Pero en Londres hay ahora una campaña con la que todos parecen estar de acuerdo. Consiste en una exhibición de fotografías, instalada en el South Bank, junto al Támesis. El medio centenar de personas fotografiadas aparecen sonrientes, con cara de felicidad. Son las últimas fotos que les hicieron; poco después se suicidaron.

Según Wilde, es el mejor cumplido que se puede hacer a la sociedad. Por eso la exposición lleva por título La última foto. Son las 50 últimas fotos de 50 personas que días o semanas después cometieron lo que Oscar Wilde consideraba “el mejor cumplido que se puede hacer a la sociedad”. Nada en esas fotos hace prever que la idea les pasaba por la cabeza. Jugaban con sus sobrinos, con sus hijos, se abrazaban a la persona con quien compartían la vida... La idea publicitaria es inapelable: hacer entender que las personas con pensamientos suicidas no siempre tienen cara deprimida. Los familiares que han cedido el material explican que, cuando los retrataron, nada indicaba que tuvieran problemas. Describen a los inminentes suicidas como personas alegres, cariñosas. “Nunca en la vida ninguno de nosotros podría haber imaginado que poco después se habría ido para siempre”.

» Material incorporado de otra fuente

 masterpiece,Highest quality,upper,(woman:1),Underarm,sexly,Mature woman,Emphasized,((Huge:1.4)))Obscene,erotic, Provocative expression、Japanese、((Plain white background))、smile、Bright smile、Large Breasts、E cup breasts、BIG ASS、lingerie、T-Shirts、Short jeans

Hay un suicidio peculiar, el del gastrónomo y restaurador Ramón Cabau, que se presentó en la Boquería para vender algunos de sus productos tal como solía hacer con regularidad, solo que esa vez se le veía más apagado de lo habitual. Al menos, eso dijeron los testigos. De todos modos, repartió flores, habló con unos y con otros… Y cuando estaba frente a la parada de setas de su amigo Llorenç Petràs, entregó una carta para su amigo, que en ese instante se hallaba ausente.  Luego, se paró en un bar para pedir un vaso de agua porque decía que no se encontraba bien. Acto seguido, tomó el agua, se tragó una pastilla y, a los pocos segundos, cayó desplomado muriendo casi al instante. Entonces aún nadie lo sabía pero se había suicidado con cianuro. Cuando Petràs pudo leer la carta, Cabau ya estaba en el suelo.